The thought actually occurred to me yesterday that they were trying to manipulate the markets to make some trading profits. Then I thought they are not smart enough to pull this off.
Anyway, how ridiculous does FIDESZ look now after what Varga said today. No real skeletons. No chance of bankruptcy. 3.8% deficit target achievable.
I imagine such an about face either demonstrates their was a plan to manipulate the markets for private profit or that there is total incompetence and a complete lack of co ordination among the top ranks of the Party (and Viktor hit the panic button over night). Szijarto in a normal country would have already been fired.
In less than a week in office, FIDESZ has lost all the credibility with the markets that Bajnai built up over a year.

John T

nwo – if there was deliberate market manipulation, it may be that agencies outside of Hungary as for an investigation. So there may be fallout. If true, then Fidesz will have proved they are crooks just like they claimed the MSZP were. Its asset stripping by the political elite while the masses look on. Whatever party does this is scum, pure and simple.

Eva S. Balogh

nwo: “Szijarto in a normal country would have already been fired.
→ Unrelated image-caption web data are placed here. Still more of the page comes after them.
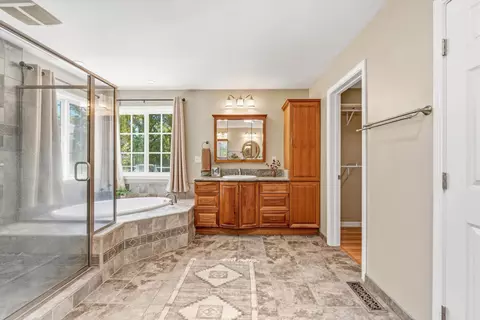 Bath - 1244 Cold Springs Rd, Placerville, CA 95667 photo 2 of 3
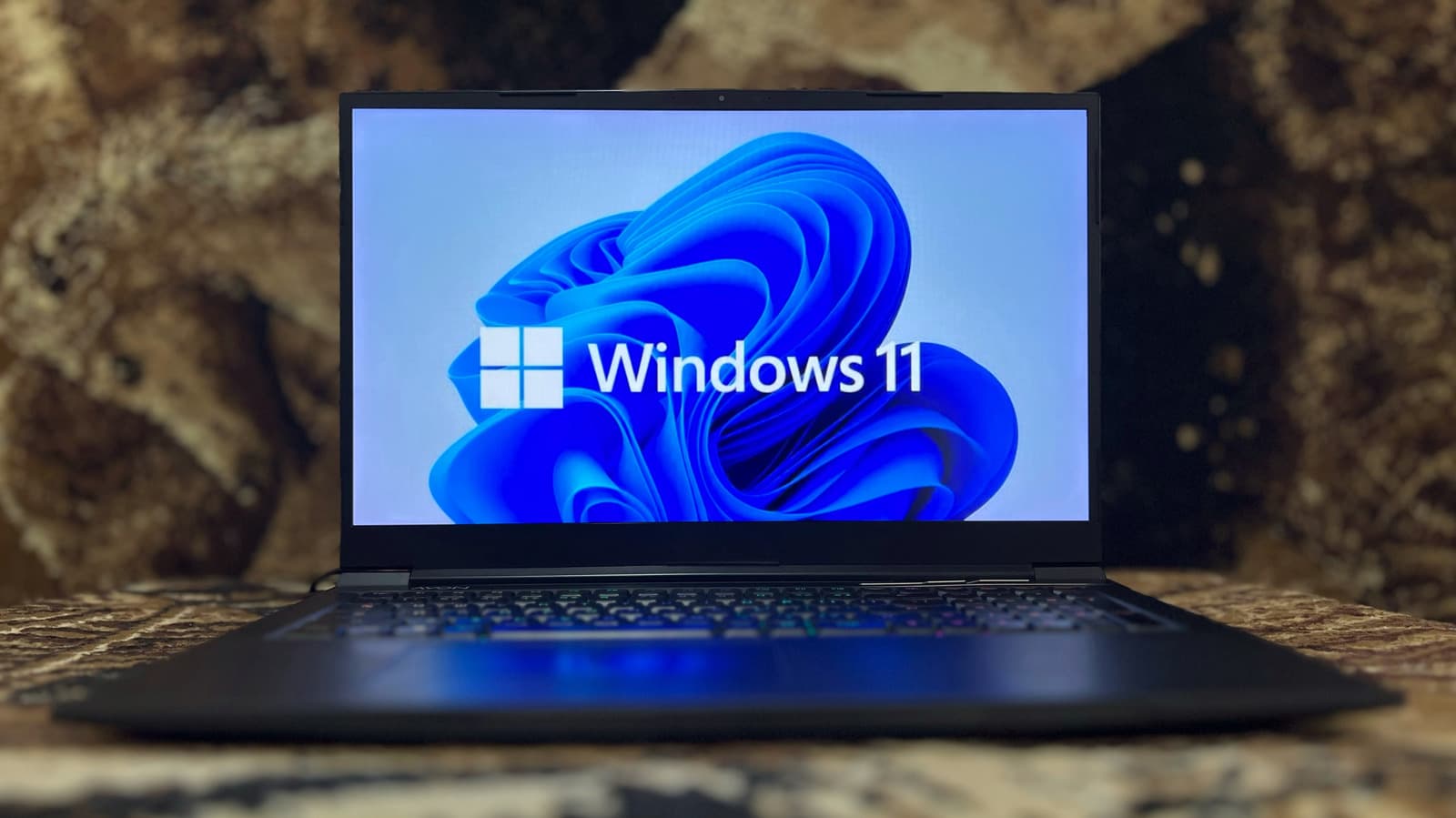 How to use Windows virtual desktops to organize your work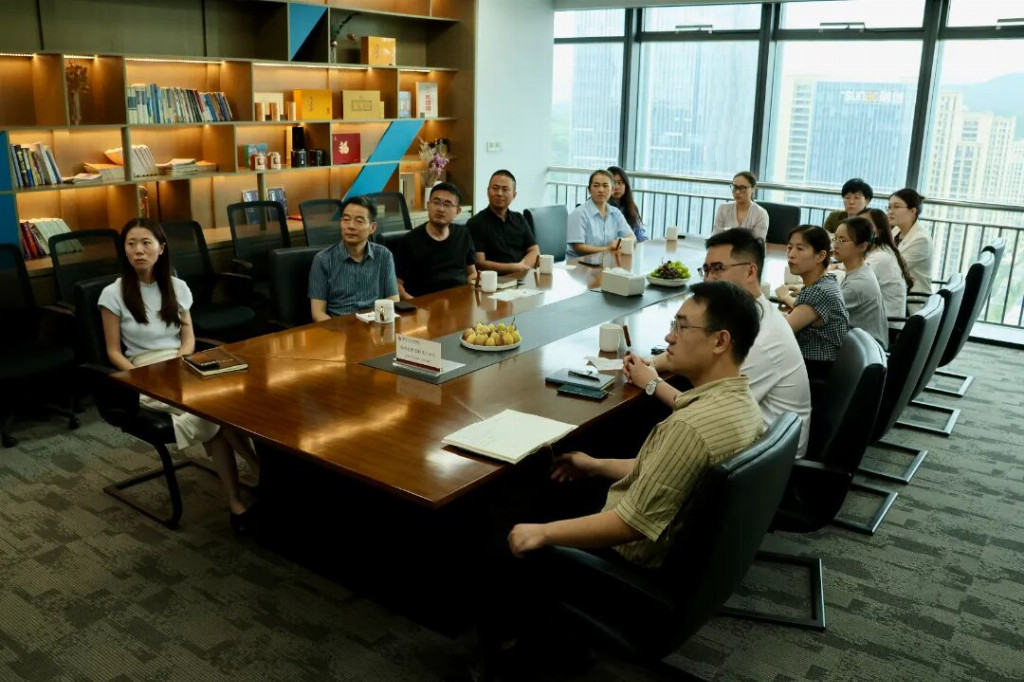 7043b06e4a106805ebf5761e616825b2fcc2b269195e884b6d307bec8b9cd6d3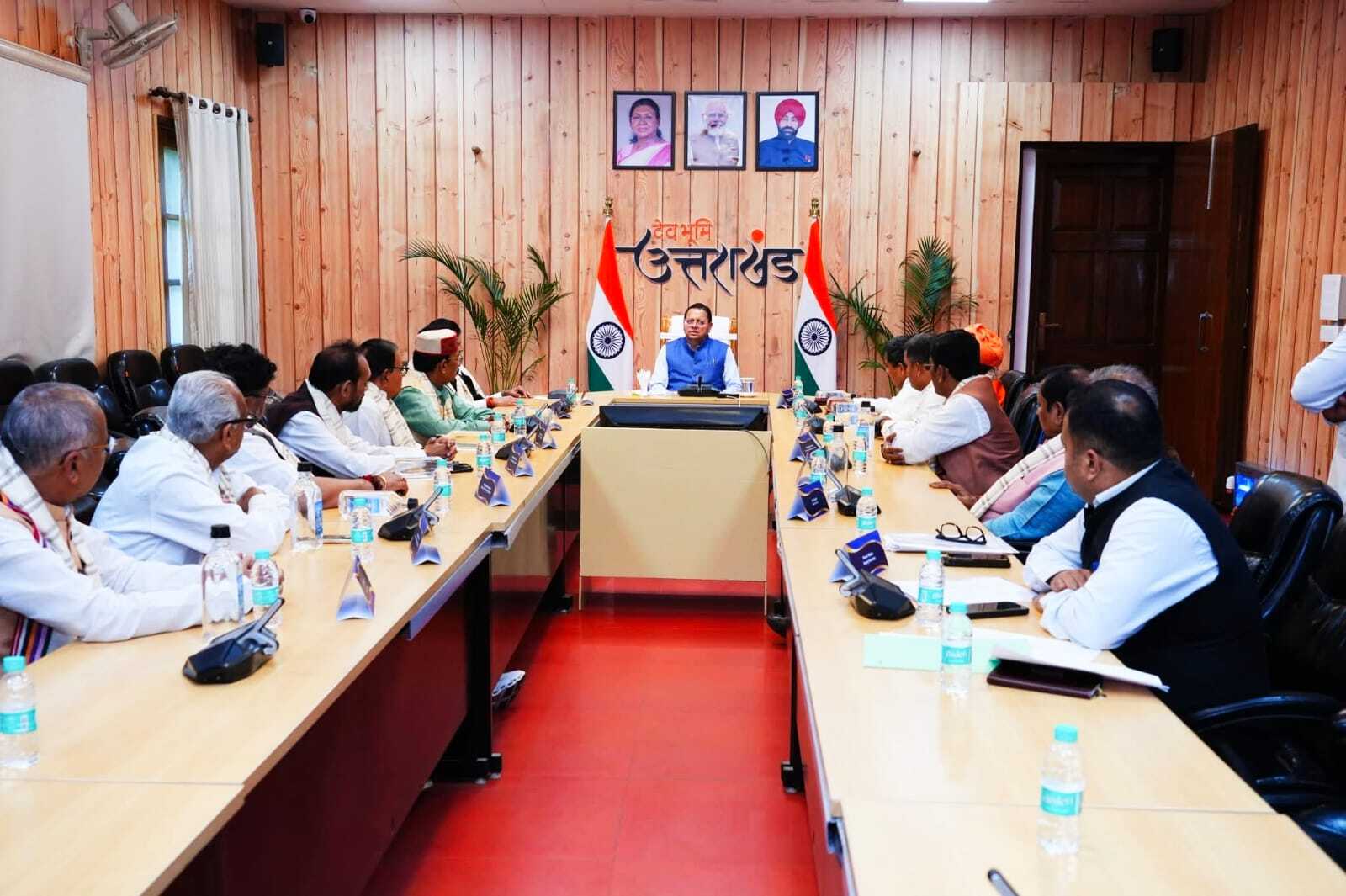 ओबीसी वेलफेयर पार्लियामेंट्री कमेटी के साथ सीएम की बैठक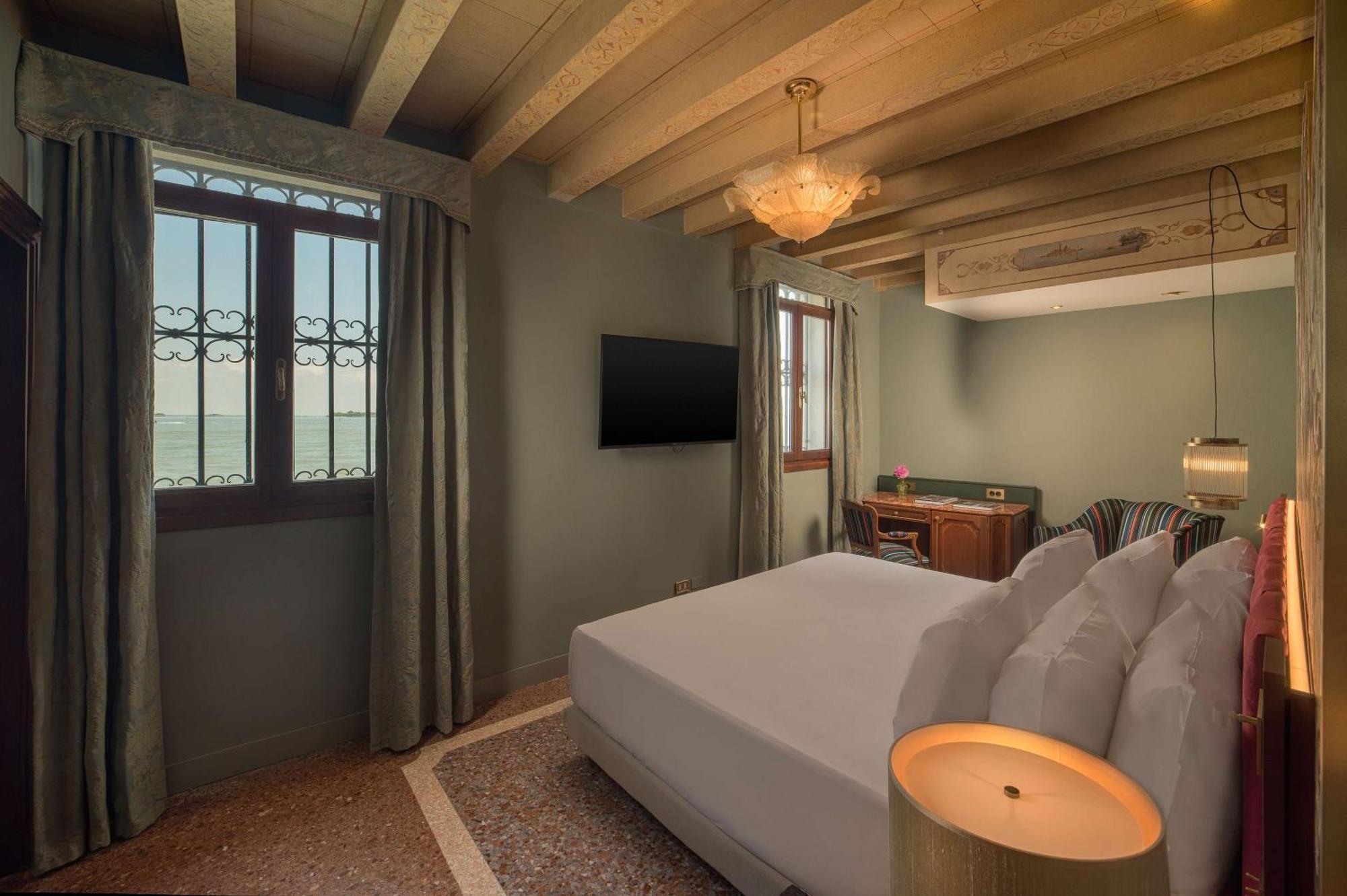 Premium Double or Twin Room Canal View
In less than a week in office, FIDESZ has lost all the credibility with the markets that Bajnai built up over a year”
In agreement with everything you said except Szijjártó’s firing. Szijjártó simply said what his boss told him to say. In that case, Orbán should be fired.
This was a monumental blunder that badly backfired. The Orbán government’s first few days will be memorable for a while in the international community.
What his voters will think we will see. Put it that way: they will not be happy.

John T

And the main beneficiaries of this stupidity will no doubt be Jobbik at the next local elections.